PSMA crying foul over sugar imports

Published March 31, 2010 Updated March 31, 2010 12:00am

Just when one thought the bitter sugar crisis was over, Pakistan Sugar Mills Association (PSMA) came out in the open, inviting a fresh debate en masse. This time around it is the massive fall in international sugar prices that has sent panic vibes amongst the millers, asking the government to impose 35 percent duty on imported sugar.
Time and again, the sugar millers based their arguments of higher domestic prices on robust international sugar price - emphasizing that things cannot be seen on a stand-alone basis.
But the last two months have forced the millers to rethink their stance of drawing comparisons with the international commodity prices, as sugar prices have fallen drastically from $769/ton in February to $486/ton this week.
The expensive price of sugar in international market in the past had provided a cushion to the local millers, enabling them to charge much higher prices from the end consumer, given the unviable price of imported sugar.
But now, nature has blessed the countrymen to be able to purchase sugar at much cheaper rates if imports are allowed.
Simple mathematics reveals that sugar imports at current international rate would cost around Rs43-45/kg depending on the origin of imports.

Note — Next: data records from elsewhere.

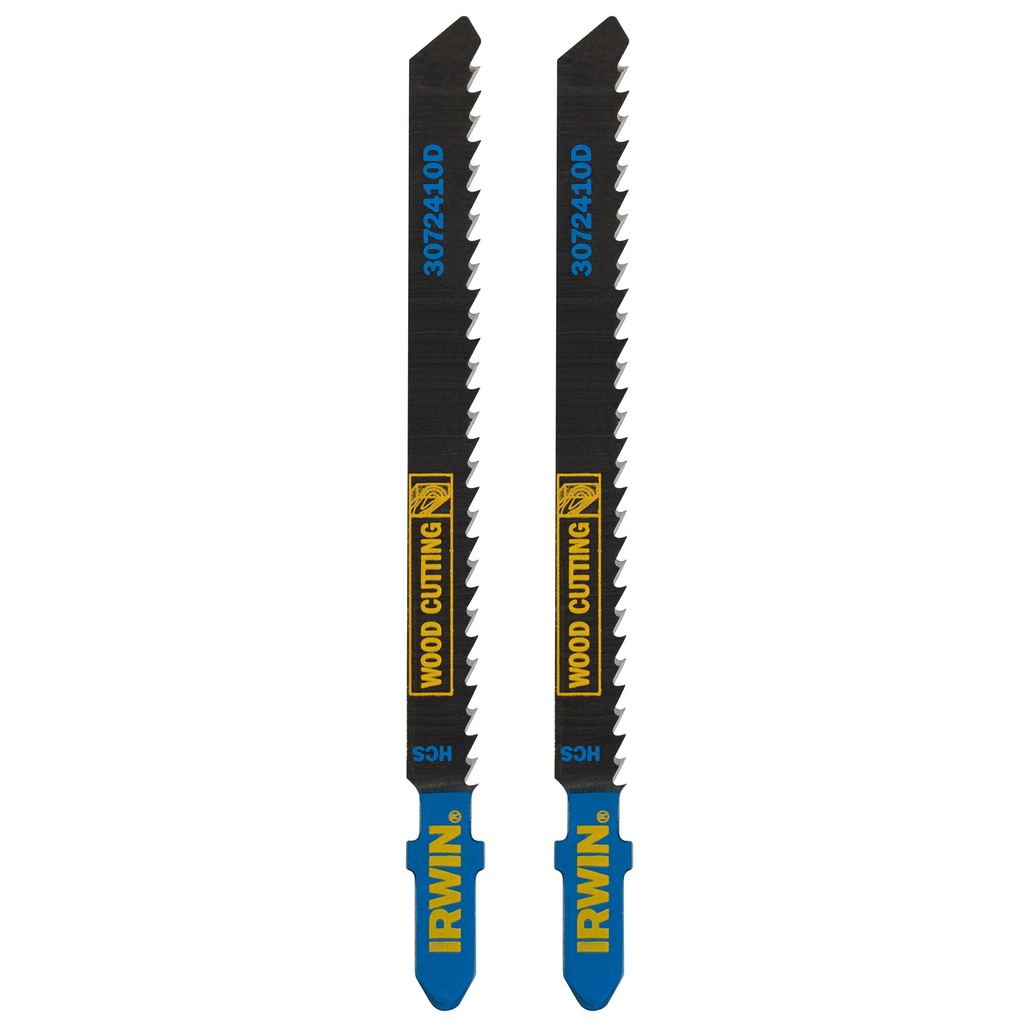 IRWIN T-SHANK DOWN CUTTING 4" 10TPI FLEAM GRND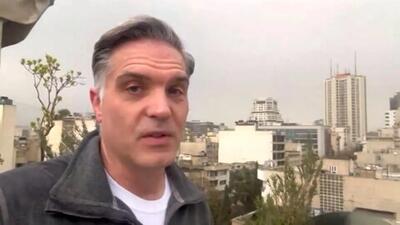  صابرین‌نیوز: خبرنگار CNN جاسوس است و کارش را کرد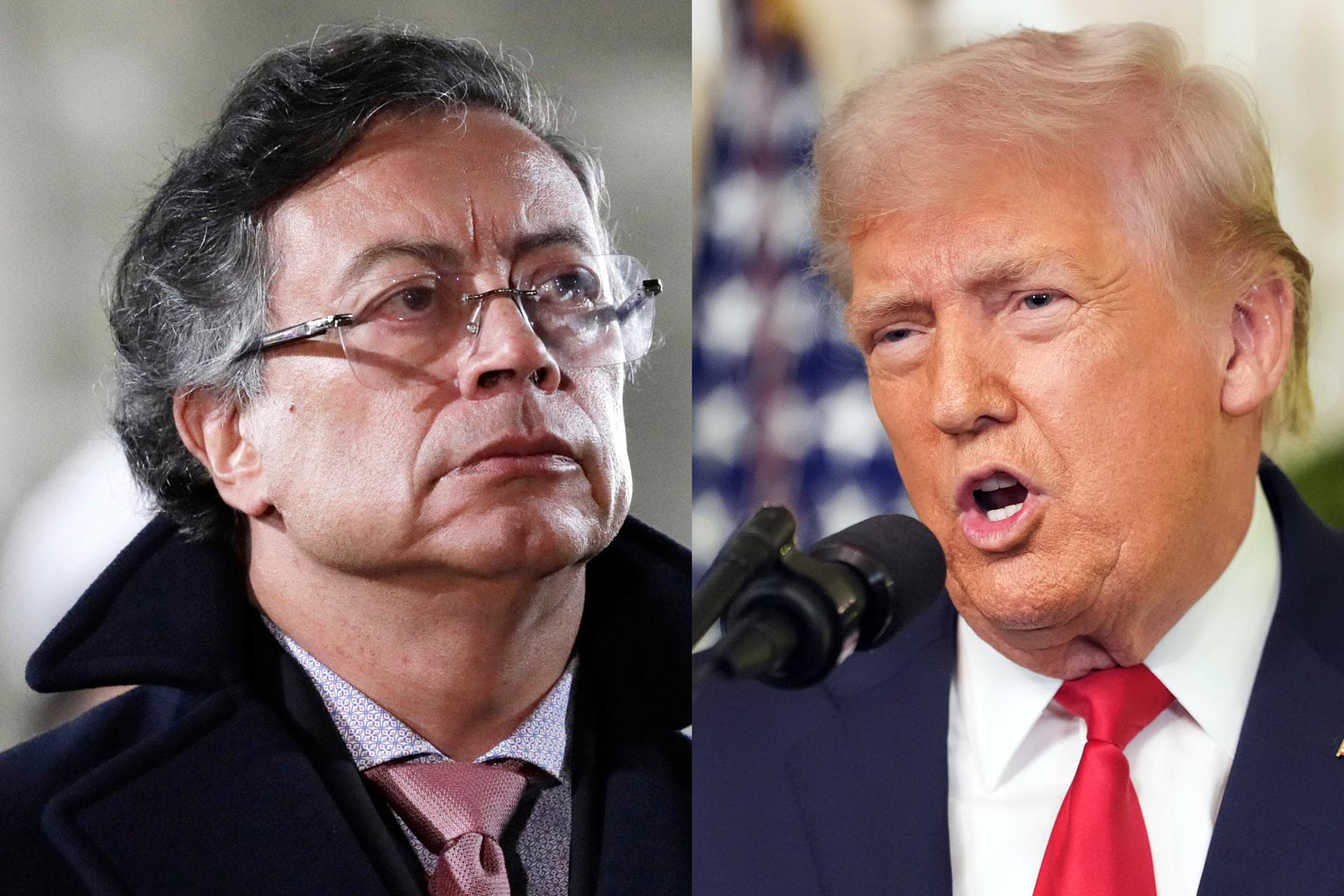 Petro confirma reunión con Trump en la Casa Blanca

The sweetener is currently available at much higher rates varying from Rs62/kg to Rs70/kg in the retail market.
Allowing commercial imports would naturally force local millers to cut down their prices to compete with the imported sugar - which is why they are demanding the government to impose a heavy import duty.
However, the argument of shielding local millers form cheap imports lacks justification, as in the times of relatively higher international sugar prices they had exploited the situation with industry profits quadrupling during the last quarter of FY09.
Another argument touted by PSMA is that allowing the imports would result in losses to the millers who in turn would not be able to pay back the growers.
The representative association of sugar cane growers, however, does not seem to buy this reason, as they believe that most of the farmers have already received their dues and it is just one of PSMAs tricks to play foul using the name of the growers.
The association also negates PSMAs views that the millers bought the cane at an average rate of Rs200/maund, deeming it an exaggerated rate. Even if the millers did procure cane at such high rates as claimed by PSMA, it does not provide justification to disallow imports or impose such heavy import duties.
PSMAs plea goes against the very nature of the free market mechanism, which carries risks as well. No business in a competitive market comes risk-free. Surely, it would not be an easy task for the PSMA to get the verdict in their favour as certain associations are preparing to appeal in the Supreme Court if the duty is imposed.
The consumers may want to delay their sugar purchases for a while and wait for the imports to arrive. However, there are fears whether the strong lobby of about 78 millers would give this up easily - especially when the Competition Commission is not around.